I want to use pthreads on my existing serial matrix multiplication code. My goal is to achieve better execution time using pthreads, simply to achieve speed-up. But at that point I'm stuck. My original serial code, works just fine, and I finish 1000x1000 square matrix multiplication in about 15 seconds. But when I execute my current pthreads program, I get a segmentation fault. Here is my code:

#include <stdio.h>
#include <stdlib.h>
#include <time.h>
#include <assert.h>

int SIZE, NTHREADS;
int **A, **B, **C;

void init()
{
    int i, j;

    A = (int**)malloc(SIZE * sizeof(int *));
    for(i = 0; i < SIZE; i++)
        A[i] = malloc(SIZE * sizeof(int));

    B = (int**)malloc(SIZE * sizeof(int *));
    for(i = 0; i < SIZE; i++)
        B[i] = malloc(SIZE * sizeof(int));

    C = (int**)malloc(SIZE * sizeof(int *));
    for(i = 0; i < SIZE; i++)
        C[i] = malloc(SIZE * sizeof(int));

    srand(time(NULL));

    for(i = 0; i < SIZE; i++) {
        for(j = 0; j < SIZE; j++) {
            A[i][j] = rand()%100;
            B[i][j] = rand()%100;
        }
    }
}

void mm(int tid)
{
    int i, j, k;
    int start = tid * SIZE/NTHREADS;
    int end = (tid+1) * (SIZE/NTHREADS) - 1;

    for(i = start; i <= end; i++) {
        for(j = 0; j < SIZE; j++) {
            C[i][j] = 0;
            for(k = 0; k < SIZE; k++) {
                C[i][j] += A[i][k] * B[k][j];
            }
        }
    }
}

void *worker(void *arg)
{
    int tid = *((int *) arg);
    mm(tid);
}

int main(int argc, char* argv[])
{
    pthread_t* threads;
    int rc, i;

    if(argc != 3)
    {
        printf("Usage: %s <size_of_square_matrix> <number_of_threads>\n", argv[0]);
        exit(1);
    }

    SIZE = atoi(argv[1]);
    NTHREADS = atoi(argv[2]);
    init();
    threads = (pthread_t*)malloc(NTHREADS * sizeof(pthread_t));

    clock_t begin, end;
    double time_spent;


    begin = clock();

    for(i = 0; i < NTHREADS; i++) {
        rc = pthread_create(&threads[i], NULL, worker, (void *)i);
        assert(rc == 0);
    }

    for(i = 0; i < NTHREADS; i++) {
        rc = pthread_join(threads[i], NULL);
        assert(rc == 0);
    } 

    end = clock();

    time_spent = (double)(end - begin) / CLOCKS_PER_SEC;
    printf("Elapsed time: %.2lf seconds.\n", time_spent);

    for(i = 0; i < SIZE; i++)
        free((void *)A[i]);
    free((void *)A);

    for(i = 0; i < SIZE; i++)
        free((void *)B[i]);
    free((void *)B);

    for(i = 0; i < SIZE; i++)
        free((void *)C[i]);
    free((void *)C);

    free(threads);

    return 0;
}

If someone could help me make my pthreads program run, and achieve some speed-up I would be glad.

1

1 Answers

3
votes

With your current code, you should retrieve the index using

int tid = (int)arg;

(Your code is effectively treating the loop counter as an address then dereferencing addresses at or around 0. These addresses may not be readable by your process and/or won't be suitably aligned, hence the seg fault)

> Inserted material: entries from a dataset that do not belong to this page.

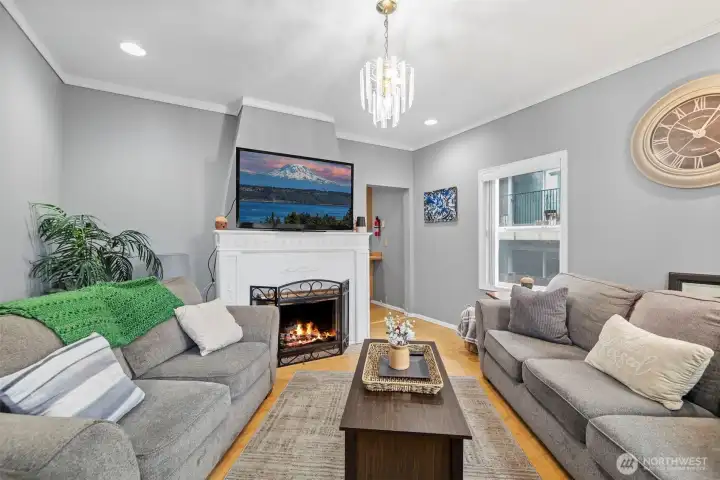 Bright living room featuring original wood-burning fireplace and classic Craftsman character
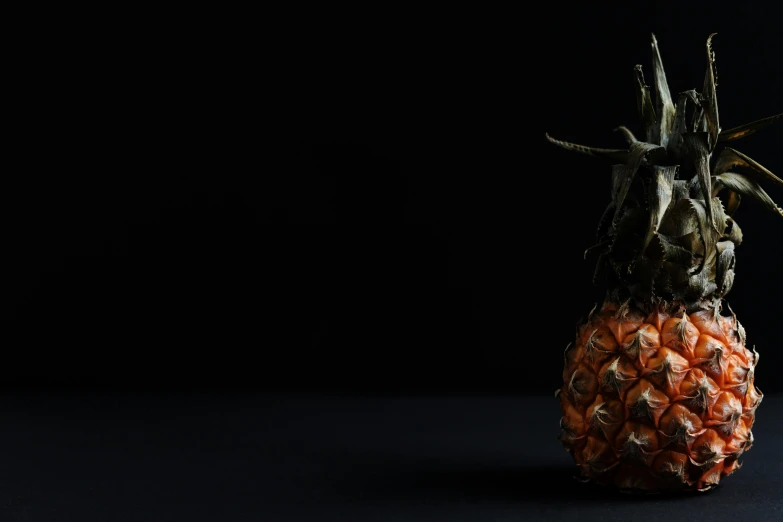 a close up of a pineapple on a black background, an album cover, by Adam Marczyński, unsplash contest winner, eating rotting fruit, iron throne from game of thrones, black and orange, minimalist background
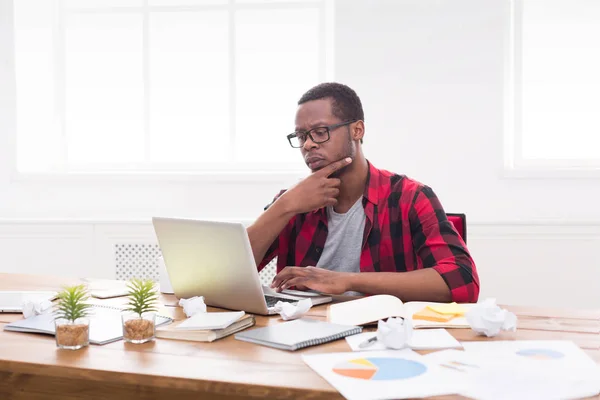 Στοχαστικός μαύρο επιχειρηματία σε casual γραφείο, εργασία με φορητό υπολογιστή — Φωτογραφία Αρχείου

The above change might get things working for you but note that passing an int as a void* isn't completely correct. It relies on sizeof(int) <= sizeof(void*) which is likely but not guaranteed to be true. If you cared about this, you could either allocate memory for the data you pass to each thread instead or pass the address of i and include synchronisation to ensure that you wait after each pthread_create call until the thread has been scheduled and has read its arg.